WHAT TO PRODUCE:
Would you retype each record exactly as given?

DATASET RECORDS:
□ □ □ □

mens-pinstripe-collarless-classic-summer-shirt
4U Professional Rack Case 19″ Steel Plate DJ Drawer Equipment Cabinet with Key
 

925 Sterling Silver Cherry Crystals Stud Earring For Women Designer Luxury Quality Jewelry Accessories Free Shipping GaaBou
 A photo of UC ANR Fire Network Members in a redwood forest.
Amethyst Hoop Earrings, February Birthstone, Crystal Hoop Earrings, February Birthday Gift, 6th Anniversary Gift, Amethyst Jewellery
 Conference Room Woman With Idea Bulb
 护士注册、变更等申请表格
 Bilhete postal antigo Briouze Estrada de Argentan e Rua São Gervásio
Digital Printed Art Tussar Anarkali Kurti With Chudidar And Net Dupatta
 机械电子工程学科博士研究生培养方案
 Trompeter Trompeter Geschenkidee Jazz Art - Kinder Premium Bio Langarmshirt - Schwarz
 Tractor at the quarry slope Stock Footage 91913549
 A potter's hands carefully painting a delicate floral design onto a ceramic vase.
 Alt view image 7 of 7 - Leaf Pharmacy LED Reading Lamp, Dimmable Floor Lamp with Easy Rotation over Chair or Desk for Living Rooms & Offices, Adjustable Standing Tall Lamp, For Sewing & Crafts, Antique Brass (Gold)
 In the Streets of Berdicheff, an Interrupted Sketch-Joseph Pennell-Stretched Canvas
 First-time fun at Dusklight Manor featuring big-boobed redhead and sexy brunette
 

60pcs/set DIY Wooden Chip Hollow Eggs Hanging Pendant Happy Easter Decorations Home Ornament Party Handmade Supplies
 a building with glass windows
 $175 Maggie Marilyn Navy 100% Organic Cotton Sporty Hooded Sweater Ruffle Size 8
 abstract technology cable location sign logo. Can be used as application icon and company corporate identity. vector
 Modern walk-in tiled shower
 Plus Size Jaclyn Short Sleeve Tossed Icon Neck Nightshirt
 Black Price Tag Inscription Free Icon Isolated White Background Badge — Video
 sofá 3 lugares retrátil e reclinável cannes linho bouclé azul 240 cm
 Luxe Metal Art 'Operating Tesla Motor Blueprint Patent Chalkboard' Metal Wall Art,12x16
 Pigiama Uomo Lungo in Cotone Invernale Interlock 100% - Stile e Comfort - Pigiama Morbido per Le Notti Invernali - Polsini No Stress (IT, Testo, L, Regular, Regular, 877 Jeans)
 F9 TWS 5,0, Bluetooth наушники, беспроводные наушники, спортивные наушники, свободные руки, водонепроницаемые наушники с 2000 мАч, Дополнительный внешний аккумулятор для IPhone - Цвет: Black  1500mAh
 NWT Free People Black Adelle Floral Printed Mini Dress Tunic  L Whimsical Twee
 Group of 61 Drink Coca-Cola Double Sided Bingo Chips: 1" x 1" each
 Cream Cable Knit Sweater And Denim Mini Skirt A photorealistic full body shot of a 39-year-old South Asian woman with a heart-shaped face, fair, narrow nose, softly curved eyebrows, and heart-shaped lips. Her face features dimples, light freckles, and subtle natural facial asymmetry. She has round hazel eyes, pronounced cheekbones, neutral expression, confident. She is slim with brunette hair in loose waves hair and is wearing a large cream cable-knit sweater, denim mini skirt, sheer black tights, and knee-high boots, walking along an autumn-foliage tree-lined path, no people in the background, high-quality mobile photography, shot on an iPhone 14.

□ □ □ □

SOLUTION TO THIS EXERCISE:
mens-pinstripe-collarless-classic-summer-shirt
4U Professional Rack Case 19″ Steel Plate DJ Drawer Equipment Cabinet with Key
 

925 Sterling Silver Cherry Crystals Stud Earring For Women Designer Luxury Quality Jewelry Accessories Free Shipping GaaBou
 A photo of UC ANR Fire Network Members in a redwood forest.
Amethyst Hoop Earrings, February Birthstone, Crystal Hoop Earrings, February Birthday Gift, 6th Anniversary Gift, Amethyst Jewellery
 Conference Room Woman With Idea Bulb
 护士注册、变更等申请表格
 Bilhete postal antigo Briouze Estrada de Argentan e Rua São Gervásio
Digital Printed Art Tussar Anarkali Kurti With Chudidar And Net Dupatta
 机械电子工程学科博士研究生培养方案
 Trompeter Trompeter Geschenkidee Jazz Art - Kinder Premium Bio Langarmshirt - Schwarz
 Tractor at the quarry slope Stock Footage 91913549
 A potter's hands carefully painting a delicate floral design onto a ceramic vase.
 Alt view image 7 of 7 - Leaf Pharmacy LED Reading Lamp, Dimmable Floor Lamp with Easy Rotation over Chair or Desk for Living Rooms & Offices, Adjustable Standing Tall Lamp, For Sewing & Crafts, Antique Brass (Gold)
 In the Streets of Berdicheff, an Interrupted Sketch-Joseph Pennell-Stretched Canvas
 First-time fun at Dusklight Manor featuring big-boobed redhead and sexy brunette
 

60pcs/set DIY Wooden Chip Hollow Eggs Hanging Pendant Happy Easter Decorations Home Ornament Party Handmade Supplies
 a building with glass windows
 $175 Maggie Marilyn Navy 100% Organic Cotton Sporty Hooded Sweater Ruffle Size 8
 abstract technology cable location sign logo. Can be used as application icon and company corporate identity. vector
 Modern walk-in tiled shower
 Plus Size Jaclyn Short Sleeve Tossed Icon Neck Nightshirt
 Black Price Tag Inscription Free Icon Isolated White Background Badge — Video
 sofá 3 lugares retrátil e reclinável cannes linho bouclé azul 240 cm
 Luxe Metal Art 'Operating Tesla Motor Blueprint Patent Chalkboard' Metal Wall Art,12x16
 Pigiama Uomo Lungo in Cotone Invernale Interlock 100% - Stile e Comfort - Pigiama Morbido per Le Notti Invernali - Polsini No Stress (IT, Testo, L, Regular, Regular, 877 Jeans)
 F9 TWS 5,0, Bluetooth наушники, беспроводные наушники, спортивные наушники, свободные руки, водонепроницаемые наушники с 2000 мАч, Дополнительный внешний аккумулятор для IPhone - Цвет: Black  1500mAh
 NWT Free People Black Adelle Floral Printed Mini Dress Tunic  L Whimsical Twee
 Group of 61 Drink Coca-Cola Double Sided Bingo Chips: 1" x 1" each
 Cream Cable Knit Sweater And Denim Mini Skirt A photorealistic full body shot of a 39-year-old South Asian woman with a heart-shaped face, fair, narrow nose, softly curved eyebrows, and heart-shaped lips. Her face features dimples, light freckles, and subtle natural facial asymmetry. She has round hazel eyes, pronounced cheekbones, neutral expression, confident. She is slim with brunette hair in loose waves hair and is wearing a large cream cable-knit sweater, denim mini skirt, sheer black tights, and knee-high boots, walking along an autumn-foliage tree-lined path, no people in the background, high-quality mobile photography, shot on an iPhone 14.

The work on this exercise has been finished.